Kementerian Keuangan sudah mengeluarkan proyeksi di minus 1% hingga minus 2,9%. Artinya perekonomian nasional terkontraksi dua kuartal berturut-turut. Pada kuartal II terkontraksi 5,32%.
Sedangkan untuk sepanjang tahun atau full year, perekonomian juga diprediksi akan tetap minus 1,7% hingga minus 0,6%. Hal itu lantaran kontraksi akibat pandemi Covid-19 masih akan berlanjut di semester II tahun ini.

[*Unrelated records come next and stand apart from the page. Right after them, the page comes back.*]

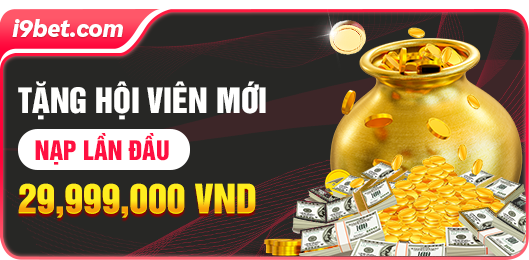 VIP rewards promotion with golden coins and crowns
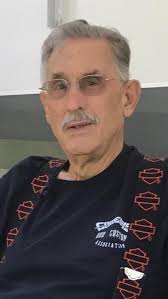 Stanley Fox Obituary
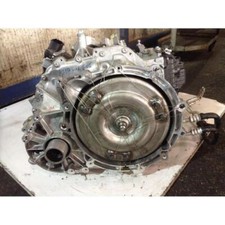 CAMBIO AUTOMATICO FIAT 500X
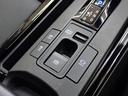 G トヨタセーフティセンス・障害物センサー・BSM・シートヒーター・LEDヘッドライト・スマートキー・純正AW・8型純正ディスプレイAD・バックカメラ・TV・Bluetooth・ETC・ドラレコ・AC電源(27枚目)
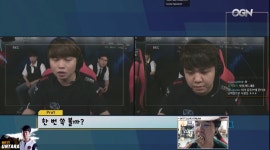 리그오브레전드 인벤 : LMS,LPL과 SKT의 차이 정확히정리.JPG - LOL 인벤 LoL/e스포츠 이야기 게시판 리그오브레전드 인벤 : LMS,LPL과...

Kendati demikian, Kepala Jurusan Ekonomi Syariah UIN Bandung, Muhammad Hasanudin, mengatakan bahwa sistem ekonomi kerakyatan Indonesia dinilai masih mampu menanggulangi resesi.

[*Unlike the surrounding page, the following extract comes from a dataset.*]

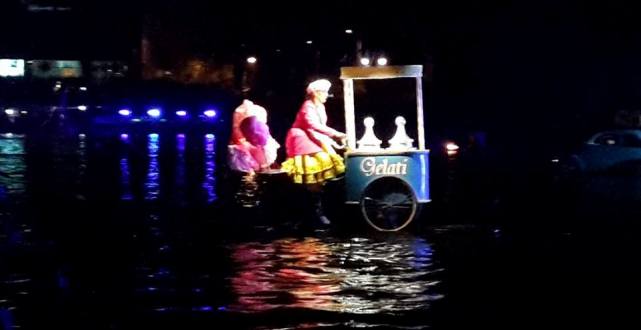 seyhan_nehri_tiyatro_festival_gosterisi_adana (4)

“Kondisi perekonomian Indonesia bisa dikatakan tidak semengkhawatirkan negara-negara lain. Bahkan, negara tetangga seperti Singapura dan Malaysia masih ditopang dengan adanya faktor konsumsi,” kata Hasan saat dihubungi Jurnalposmedia, Kamis (24/9/2020).
Lebih lanjut, dia juga menyoroti cara pemerintah menanggulangi pandemi dan resesi ekonomi. Mengingat keduanya memiliki perbandingan lurus, artinya semakin lama pandemi maka semakin lama juga terjadinya resesi ekonomi.
Hasan menilai imbauan pemerintah mengenai penegakan hukum pagi para pelanggar protokol kesehatan masih belum merata. Sebab bisa dilihat di beberapa kota masih banyak masyarakat yang tidak memakai masker.
“Seperti diagnosis dokter, dikenali dulu penyakitnya barulah dicari obatnya. Dalam hal ini maka kita harus selesaikan dulu pandeminya, barulah relaksasi ekonomi,” lanjut Hasan.
Senada dengan Gilang, Hasan juga menilai bahwa resesi tersebut juga berdampak dalam bidang akademis. Beberapa program akademik terganggu, contohnya reset akademik dan reset lapangan. Hasan berharap Indonesia berhasil mengatasi pandemi dan resesi sesegera mungkin.
“Kita harus bekerja sama, baik pemerintah, masyarakat dan industri. Dengan adanya pandemi ini juga kembali menyadarkan kita bahwa sebenarnya kita tidak ada apa-apanya,” tutup Hasan.